Earlier this month, Starbucks introduced new lids to eliminate the use of plastic straws. Seattle and Vancouver are the first locations to distribute the lids to customers. The long-term goal is to completely rid of plastic straws in more than 28,000 stores around the world.
The environmental milestone started out as an assignment for Emily Alexander in 2016. As an engineer in Global Research and Development at Starbucks, Alexander and her team were assigned to create a lid for a specific drink called Draft Nitro. The design could not involve a straw in order to exhibit the cold foam of the drink. The development spanned 10 weeks before the team produced the appropriate lid, which would become the standard for cold beverages.

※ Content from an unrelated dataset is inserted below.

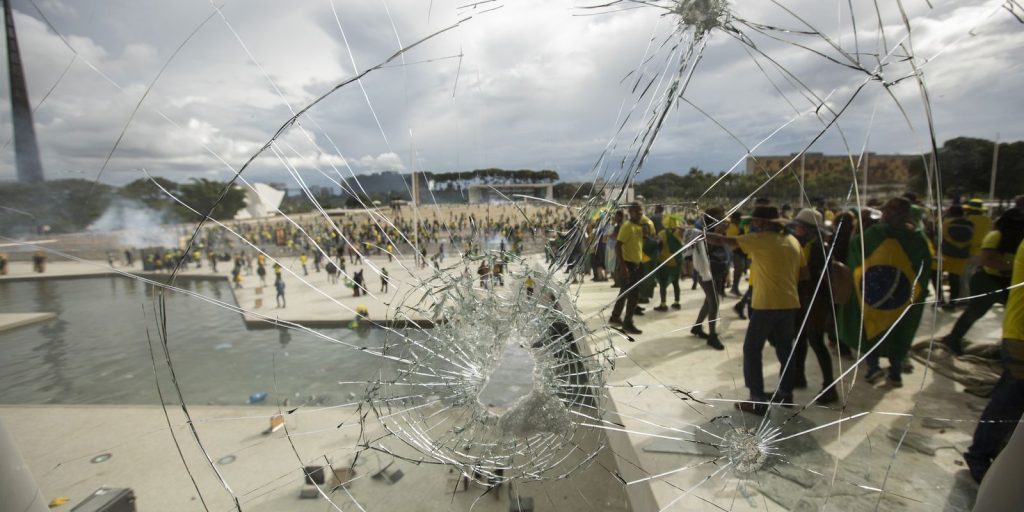 bolsonaro-e-aliados-deverao-pagar-r$-30-milhoes-pela-depredacao-no-8/1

With the launch of strawless lids, Starbucks stated in their announcement that it is "a decision that will eliminate more than 1 billion straws a year."
The United States is the latest country to follow the plastic ban with corporations like American Airlines and Disney joined Starbucks.
However, the disabled community is expressing dismay for the straw ban.
Katherine Carroll, a policy analyst, indicated the accommodation the community did not receive when the ban was put into effect. In an elucidation for Time, she noted plastic straws are used by individuals with incapacities to eat and drink. Thus, she stated: " . . . it seems the blanket bans are not taking into account that they need straws and also that that plastic straw replacements are not accessible for people."
Plastic straws have been regarded as convenient for those who use them. Paper straws disintegrate while metal straws change temperatures and cause pain.
"Other types of straw simply do not offer the combination of strength, flexibility, and safety that plastic straws do," a statement from the letter co-written by Disability Rights Washington cowrote and other advocacy groups.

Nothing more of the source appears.